The FDA specifically rejected the EU and Brazilian models in 1992, declaring that whether a food is safe depends on what's in it, not how it's made. It further declared that "in most cases, the substances expected to become components of food as a result of genetic modification of a plant will be the same as or substantially similar to substances commonly found in food, such as proteins, fats, oils and carbohydrates." Decoding the regulation-speak, this means the agency won't regulate those substances any more stringently than it does conventionally produced foods. It would require more regulatory oversight if genetic modification produced "a protein that differs significantly in structure and function, or to modify a carbohydrate, or fat or oil, such that it differs significantly in composition from such substances currently found in the food."
University of Texas Law professor Thomas McGarity, co-author of the CFA report, doesn't think too much of this standard, characterizing the FDA's position as, "So long as you don't insert a gene for a known allergen or snake venom, then it's probably substantially equivalent." But the FDA's current position is simply common sense. If a non-allergenic corn protein shows up in a tomato, so what? People have been eating corn and tomatoes for centuries.

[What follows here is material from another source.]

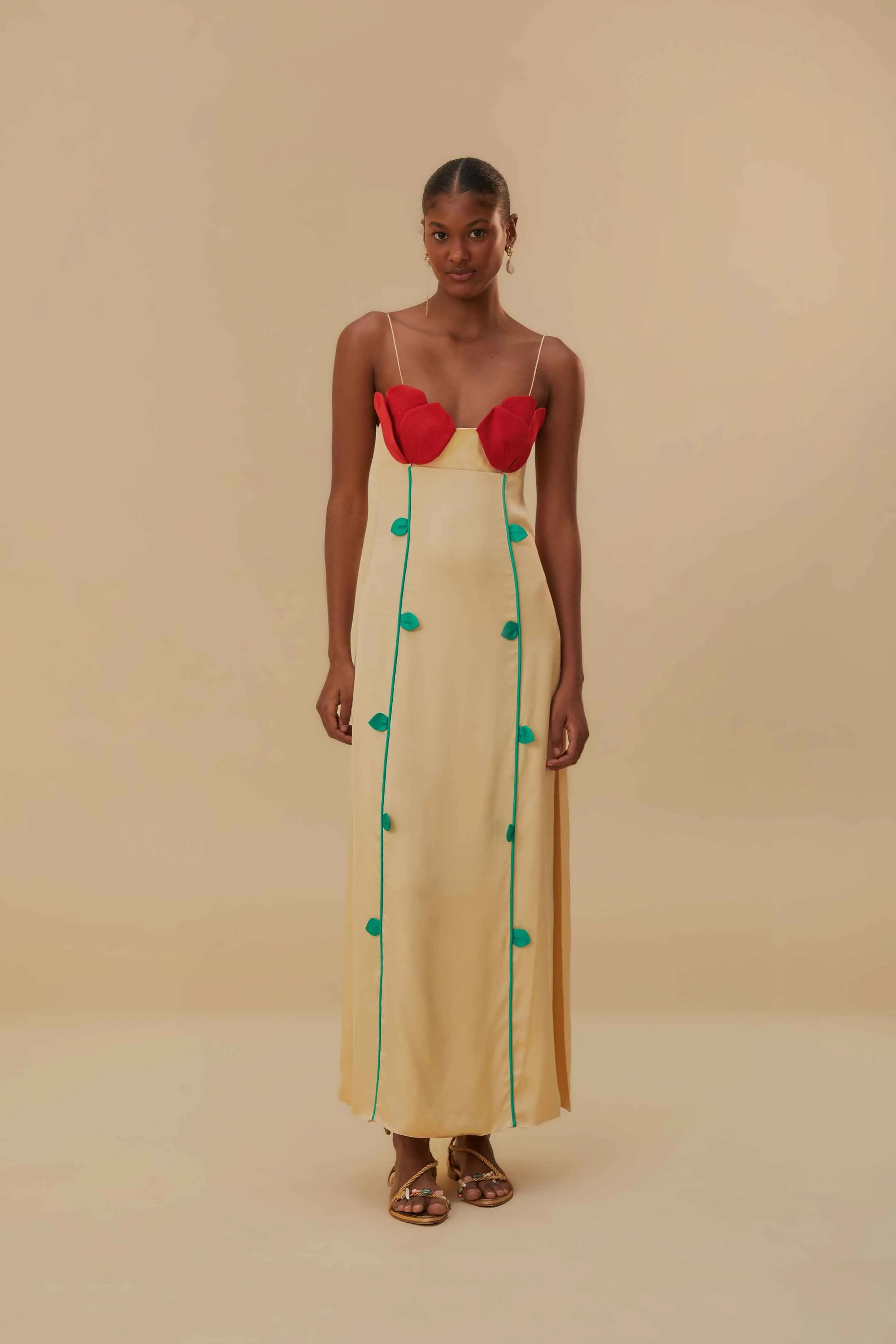 Bold Hue Beige Rose Shaped Bodice Sleeveless Maxi Dress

The current system seems to work, too. There is no known case in which a genetically altered food crop that has been approved for sale has caused harm to any person. McGarity, who admits that eating genetically modified foods "hasn't adversely affected me as far as I know," pleads that "we are only urging that the U.S. join the rest of the world in adopting a more precautionary approach." This is a near-open admission that McGarity and the CFA cannot cite any credible scientific evidence that biotech crops have caused harm to human or environmental health.